Pseudomedizin auf Seite 1
Auch wenn die Zahl Spendensammlungen durch die Sozialen Medien und Crowdsourcing-Plattformen in den letzten Jahren enorm angestiegen ist, neu ist das Phänomen nicht. Immer wieder berichten Medien voreilig über halbgare Therapieansätze, als seien diese das nächste große Ding oder begleiten Eltern und ihre behinderten oder erkrankten Kinder medial auf jahrelangen Therapieodysseen.
Eine besondere Rolle spielen gerade Lokal- und Regionalmedien. Sie berichten gerne, aber selten kritisch über Spendensammlungen für Therapien. Denn es sind dankbare, leicht geschriebene Geschichten mit einem klaren Gegner — der Krankheit oder der Behinderung — und einem klaren Opfer aus der Nachbarschaft, um das herum sich die Gemeinschaft zusammenfinden und etwas tun kann. Einfach, durch eine kleine Summe, nicht mühsam und langwierig, wie etwa gemeinsam für den barrierefreien Umbau der örtlichen Schule zu streiten. Dazu kommt eine kräftige Dosis Hoffnung und bei exotischen Behandlungen auch etwas Magie.

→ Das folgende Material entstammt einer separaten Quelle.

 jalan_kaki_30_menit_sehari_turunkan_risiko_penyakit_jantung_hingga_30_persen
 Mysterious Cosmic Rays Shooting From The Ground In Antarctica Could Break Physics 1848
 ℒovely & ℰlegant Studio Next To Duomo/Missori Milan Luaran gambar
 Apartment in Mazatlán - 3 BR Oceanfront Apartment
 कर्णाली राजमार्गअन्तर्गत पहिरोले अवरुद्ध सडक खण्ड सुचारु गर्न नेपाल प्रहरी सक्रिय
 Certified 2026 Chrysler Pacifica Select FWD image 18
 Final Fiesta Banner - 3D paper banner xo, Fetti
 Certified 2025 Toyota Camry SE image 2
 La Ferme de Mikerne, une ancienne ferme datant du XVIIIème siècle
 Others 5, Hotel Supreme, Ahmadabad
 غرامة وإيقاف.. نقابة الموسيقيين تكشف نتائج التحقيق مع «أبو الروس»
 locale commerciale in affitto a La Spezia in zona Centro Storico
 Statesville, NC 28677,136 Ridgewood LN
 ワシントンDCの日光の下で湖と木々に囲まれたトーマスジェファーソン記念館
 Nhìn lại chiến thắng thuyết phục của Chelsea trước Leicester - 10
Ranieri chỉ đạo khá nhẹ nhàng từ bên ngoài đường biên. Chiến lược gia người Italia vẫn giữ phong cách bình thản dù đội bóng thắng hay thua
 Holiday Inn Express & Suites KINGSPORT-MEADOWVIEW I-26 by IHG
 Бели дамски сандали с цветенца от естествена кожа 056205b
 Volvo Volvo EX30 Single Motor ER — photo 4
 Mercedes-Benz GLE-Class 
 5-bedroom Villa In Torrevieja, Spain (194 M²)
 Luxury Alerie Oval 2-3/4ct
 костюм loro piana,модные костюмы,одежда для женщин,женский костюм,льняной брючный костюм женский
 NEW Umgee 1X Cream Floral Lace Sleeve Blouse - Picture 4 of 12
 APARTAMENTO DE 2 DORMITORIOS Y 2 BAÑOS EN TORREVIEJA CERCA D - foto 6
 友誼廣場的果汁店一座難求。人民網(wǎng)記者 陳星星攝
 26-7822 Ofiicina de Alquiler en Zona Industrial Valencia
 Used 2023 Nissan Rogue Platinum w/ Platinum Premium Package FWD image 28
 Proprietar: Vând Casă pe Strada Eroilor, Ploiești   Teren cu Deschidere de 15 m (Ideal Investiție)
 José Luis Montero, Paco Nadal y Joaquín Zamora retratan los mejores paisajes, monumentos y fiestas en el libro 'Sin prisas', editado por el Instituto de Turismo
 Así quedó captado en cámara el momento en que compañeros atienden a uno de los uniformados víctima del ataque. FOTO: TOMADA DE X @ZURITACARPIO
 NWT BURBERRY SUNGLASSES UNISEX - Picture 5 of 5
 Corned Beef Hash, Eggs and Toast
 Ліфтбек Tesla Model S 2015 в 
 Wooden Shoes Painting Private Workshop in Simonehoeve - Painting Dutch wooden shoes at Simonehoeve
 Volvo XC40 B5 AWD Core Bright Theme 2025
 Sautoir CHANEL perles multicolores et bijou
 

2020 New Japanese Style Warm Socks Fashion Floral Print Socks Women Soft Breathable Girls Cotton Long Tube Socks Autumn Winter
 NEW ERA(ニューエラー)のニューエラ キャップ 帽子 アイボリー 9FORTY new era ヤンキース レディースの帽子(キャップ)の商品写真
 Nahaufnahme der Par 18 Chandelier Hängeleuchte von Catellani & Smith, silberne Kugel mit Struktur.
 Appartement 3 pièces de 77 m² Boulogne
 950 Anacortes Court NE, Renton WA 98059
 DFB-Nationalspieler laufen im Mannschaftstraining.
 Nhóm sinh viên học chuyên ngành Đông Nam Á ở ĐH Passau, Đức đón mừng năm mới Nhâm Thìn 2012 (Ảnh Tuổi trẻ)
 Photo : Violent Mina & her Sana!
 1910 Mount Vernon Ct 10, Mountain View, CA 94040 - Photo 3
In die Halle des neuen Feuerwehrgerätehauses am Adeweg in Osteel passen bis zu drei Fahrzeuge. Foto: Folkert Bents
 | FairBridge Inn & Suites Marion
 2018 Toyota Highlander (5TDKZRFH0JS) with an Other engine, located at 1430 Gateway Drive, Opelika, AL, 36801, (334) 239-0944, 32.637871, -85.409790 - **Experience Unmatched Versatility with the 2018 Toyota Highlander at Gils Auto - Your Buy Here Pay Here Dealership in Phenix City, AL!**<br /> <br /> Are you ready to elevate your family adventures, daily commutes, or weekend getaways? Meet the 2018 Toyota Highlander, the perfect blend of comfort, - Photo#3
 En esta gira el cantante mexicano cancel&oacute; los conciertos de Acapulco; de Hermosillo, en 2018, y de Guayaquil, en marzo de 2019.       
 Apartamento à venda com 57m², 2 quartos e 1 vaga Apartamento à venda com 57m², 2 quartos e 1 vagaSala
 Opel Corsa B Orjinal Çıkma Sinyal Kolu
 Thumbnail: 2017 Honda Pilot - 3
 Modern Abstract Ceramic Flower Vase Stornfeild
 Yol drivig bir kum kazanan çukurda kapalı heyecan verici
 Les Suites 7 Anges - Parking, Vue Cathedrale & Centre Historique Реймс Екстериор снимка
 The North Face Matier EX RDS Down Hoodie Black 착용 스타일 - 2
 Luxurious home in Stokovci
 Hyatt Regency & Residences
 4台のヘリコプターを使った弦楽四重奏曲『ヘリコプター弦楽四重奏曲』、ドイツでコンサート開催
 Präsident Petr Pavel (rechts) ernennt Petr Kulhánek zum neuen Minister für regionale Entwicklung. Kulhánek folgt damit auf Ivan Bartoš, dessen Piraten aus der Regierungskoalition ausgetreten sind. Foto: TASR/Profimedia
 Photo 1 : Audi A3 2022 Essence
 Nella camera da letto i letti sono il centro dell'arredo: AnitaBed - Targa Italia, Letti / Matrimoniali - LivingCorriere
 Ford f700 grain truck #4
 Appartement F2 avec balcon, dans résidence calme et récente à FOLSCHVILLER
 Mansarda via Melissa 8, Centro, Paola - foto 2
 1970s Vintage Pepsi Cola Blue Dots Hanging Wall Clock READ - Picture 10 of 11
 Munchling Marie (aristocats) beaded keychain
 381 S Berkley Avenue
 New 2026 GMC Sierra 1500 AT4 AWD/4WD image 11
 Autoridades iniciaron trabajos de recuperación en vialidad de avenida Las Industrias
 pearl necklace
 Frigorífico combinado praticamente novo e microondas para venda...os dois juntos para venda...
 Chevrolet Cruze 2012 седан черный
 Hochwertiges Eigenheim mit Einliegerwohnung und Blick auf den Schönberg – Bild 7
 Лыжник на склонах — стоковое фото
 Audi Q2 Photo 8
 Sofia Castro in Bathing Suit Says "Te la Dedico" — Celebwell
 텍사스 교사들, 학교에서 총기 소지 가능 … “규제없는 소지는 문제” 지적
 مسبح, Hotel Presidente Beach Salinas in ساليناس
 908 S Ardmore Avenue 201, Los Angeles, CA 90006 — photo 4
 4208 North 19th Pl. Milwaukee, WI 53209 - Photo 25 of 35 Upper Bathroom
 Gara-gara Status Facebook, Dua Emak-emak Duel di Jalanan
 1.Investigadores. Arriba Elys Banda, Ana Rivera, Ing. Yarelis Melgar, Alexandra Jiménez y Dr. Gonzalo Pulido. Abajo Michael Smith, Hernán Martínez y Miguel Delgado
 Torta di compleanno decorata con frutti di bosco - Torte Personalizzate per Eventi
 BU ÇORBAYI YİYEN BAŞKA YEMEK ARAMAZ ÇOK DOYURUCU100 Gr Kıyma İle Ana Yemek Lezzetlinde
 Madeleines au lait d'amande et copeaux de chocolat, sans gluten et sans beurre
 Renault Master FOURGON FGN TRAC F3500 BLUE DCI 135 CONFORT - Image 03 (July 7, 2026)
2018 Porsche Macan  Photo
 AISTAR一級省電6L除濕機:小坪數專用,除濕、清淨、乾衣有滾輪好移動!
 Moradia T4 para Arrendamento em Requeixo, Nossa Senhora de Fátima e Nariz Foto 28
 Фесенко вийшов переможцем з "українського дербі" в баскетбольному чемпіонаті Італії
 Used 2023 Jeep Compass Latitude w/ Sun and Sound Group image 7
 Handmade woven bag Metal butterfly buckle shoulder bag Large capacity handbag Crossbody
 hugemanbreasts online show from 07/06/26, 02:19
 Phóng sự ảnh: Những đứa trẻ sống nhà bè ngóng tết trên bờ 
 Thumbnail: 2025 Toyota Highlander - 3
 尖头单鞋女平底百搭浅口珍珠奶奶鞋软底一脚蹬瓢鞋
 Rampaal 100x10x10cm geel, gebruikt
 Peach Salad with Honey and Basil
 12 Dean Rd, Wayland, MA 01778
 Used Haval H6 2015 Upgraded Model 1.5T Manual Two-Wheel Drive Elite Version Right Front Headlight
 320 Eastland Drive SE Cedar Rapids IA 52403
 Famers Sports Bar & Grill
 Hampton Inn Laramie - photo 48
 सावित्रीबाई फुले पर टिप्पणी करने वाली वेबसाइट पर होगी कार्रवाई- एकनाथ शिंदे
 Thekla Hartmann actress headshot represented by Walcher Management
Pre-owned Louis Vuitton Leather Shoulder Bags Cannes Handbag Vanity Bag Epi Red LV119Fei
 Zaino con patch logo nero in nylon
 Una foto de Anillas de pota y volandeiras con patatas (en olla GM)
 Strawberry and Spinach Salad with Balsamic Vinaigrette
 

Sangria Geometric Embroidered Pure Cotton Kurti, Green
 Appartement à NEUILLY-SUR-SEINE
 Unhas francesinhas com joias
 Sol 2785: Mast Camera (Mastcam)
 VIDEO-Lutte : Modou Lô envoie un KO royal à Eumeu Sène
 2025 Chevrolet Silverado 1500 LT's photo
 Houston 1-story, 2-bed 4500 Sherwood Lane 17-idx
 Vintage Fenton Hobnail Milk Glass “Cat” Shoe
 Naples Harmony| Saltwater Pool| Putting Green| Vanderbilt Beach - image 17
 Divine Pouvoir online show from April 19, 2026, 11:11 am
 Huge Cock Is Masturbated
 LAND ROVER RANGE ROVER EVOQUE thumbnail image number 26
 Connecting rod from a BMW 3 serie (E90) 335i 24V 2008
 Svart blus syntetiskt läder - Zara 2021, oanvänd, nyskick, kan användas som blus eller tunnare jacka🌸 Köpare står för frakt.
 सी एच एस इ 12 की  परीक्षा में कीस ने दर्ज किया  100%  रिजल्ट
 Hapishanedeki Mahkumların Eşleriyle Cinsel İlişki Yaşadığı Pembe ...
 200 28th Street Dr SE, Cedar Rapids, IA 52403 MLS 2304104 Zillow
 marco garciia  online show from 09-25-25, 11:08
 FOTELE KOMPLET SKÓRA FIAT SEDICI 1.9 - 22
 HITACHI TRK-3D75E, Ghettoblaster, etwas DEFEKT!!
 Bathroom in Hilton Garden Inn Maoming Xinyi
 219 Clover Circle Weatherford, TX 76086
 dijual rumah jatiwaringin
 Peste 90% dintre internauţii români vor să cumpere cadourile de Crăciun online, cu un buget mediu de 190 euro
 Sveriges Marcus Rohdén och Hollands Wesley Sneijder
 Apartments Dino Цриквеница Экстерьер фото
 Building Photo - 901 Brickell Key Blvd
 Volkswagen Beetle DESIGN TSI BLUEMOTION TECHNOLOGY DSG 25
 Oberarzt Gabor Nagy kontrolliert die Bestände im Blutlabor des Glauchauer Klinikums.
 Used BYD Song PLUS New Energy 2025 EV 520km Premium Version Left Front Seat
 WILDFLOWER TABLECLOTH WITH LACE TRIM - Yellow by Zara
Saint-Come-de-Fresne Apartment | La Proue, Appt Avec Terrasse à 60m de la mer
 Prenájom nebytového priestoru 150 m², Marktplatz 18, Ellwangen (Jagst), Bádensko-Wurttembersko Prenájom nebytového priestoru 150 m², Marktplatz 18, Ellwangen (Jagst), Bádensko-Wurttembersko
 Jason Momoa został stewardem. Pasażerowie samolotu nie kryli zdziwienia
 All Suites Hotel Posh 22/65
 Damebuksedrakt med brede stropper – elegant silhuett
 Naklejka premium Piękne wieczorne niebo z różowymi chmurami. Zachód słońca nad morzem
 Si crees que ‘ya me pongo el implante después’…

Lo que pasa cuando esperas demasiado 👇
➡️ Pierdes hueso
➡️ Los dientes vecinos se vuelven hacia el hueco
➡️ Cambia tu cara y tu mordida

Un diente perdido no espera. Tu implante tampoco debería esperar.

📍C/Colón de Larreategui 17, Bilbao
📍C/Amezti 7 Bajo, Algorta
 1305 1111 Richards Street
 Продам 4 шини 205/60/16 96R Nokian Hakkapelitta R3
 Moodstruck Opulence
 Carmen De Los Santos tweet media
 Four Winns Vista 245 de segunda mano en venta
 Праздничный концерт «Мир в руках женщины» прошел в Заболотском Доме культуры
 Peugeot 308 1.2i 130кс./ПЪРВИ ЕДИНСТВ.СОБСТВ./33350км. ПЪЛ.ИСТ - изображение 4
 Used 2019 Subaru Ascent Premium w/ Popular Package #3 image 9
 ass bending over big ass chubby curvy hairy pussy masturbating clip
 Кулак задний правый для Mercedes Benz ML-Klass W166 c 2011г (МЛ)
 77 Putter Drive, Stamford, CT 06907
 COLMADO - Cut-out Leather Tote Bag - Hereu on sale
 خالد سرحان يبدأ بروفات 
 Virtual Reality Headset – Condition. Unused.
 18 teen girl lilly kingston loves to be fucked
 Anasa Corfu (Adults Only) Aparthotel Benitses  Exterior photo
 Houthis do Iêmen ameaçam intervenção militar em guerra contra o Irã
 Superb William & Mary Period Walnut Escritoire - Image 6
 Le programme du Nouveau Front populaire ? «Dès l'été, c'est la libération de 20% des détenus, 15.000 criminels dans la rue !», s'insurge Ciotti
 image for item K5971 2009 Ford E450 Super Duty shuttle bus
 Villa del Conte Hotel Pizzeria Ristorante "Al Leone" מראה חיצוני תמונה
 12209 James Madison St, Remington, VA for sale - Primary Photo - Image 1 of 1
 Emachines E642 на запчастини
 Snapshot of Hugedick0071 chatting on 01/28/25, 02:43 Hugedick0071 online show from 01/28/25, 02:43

Gefragt wird allerhöchstens danach, ob das gesammelte Geld auch tatsächlich für die Behandlung eingesetzt wird und nicht, ob es sich bei der Behandlung um ein nachweislich wirksames Verfahren oder eine seriöse Einrichtung handelt, die nach modernen medizinischen und ethischen Standards arbeitet. Keine andere Ziffer des Pressekodex dürfte so häufig ignoriert werden, wie Ziffer 14.
Ohne Regulierung geht es nicht
Den Patienten ist es nicht anzukreiden, dass sie nach jedem Strohhalm greifen, jede Möglichkeit ausloten, wenn ein Unfall oder eine Diagnose ihr Leben von einem auf den anderen Tag völlig verändert. Niemand kann von ihnen erwarten, über Nacht zu Experten zu werden, die Medizin gesichert von Pseudomedizin unterscheiden können. Es ist die fehlende Regulierung des sich „alternativmedizinisch“ nennenden Sektors, das fehlende Bewusstsein bei den Medien über ihre Rolle als Multiplikatoren zweifelhafter Verfahren und die fehlende Aufsicht durch die Crowdfundingplattformen selbst. Sie machen so manches medizinisch fragwürdige Geschäftsmodell, das nie auf eine Finanzierung durch die Kassen hoffen dürfte, erst lukrativ.
Die lange in der Politik gehegte Einstellung, dass alternative medizinische Verfahren, wenn sie schon nichts nutzen, dann wenigstens nichts schaden, wurde längst von der Realität überholt. Solange der Markt der pseudomedizinischen Angebote nicht endlich reguliert wird, wird das Problem nur größer werden.
Mela Eckenfels ist Wissenschafts- und Kommunikationsjournalistin und betreibt den Blog „Feder&Herd“.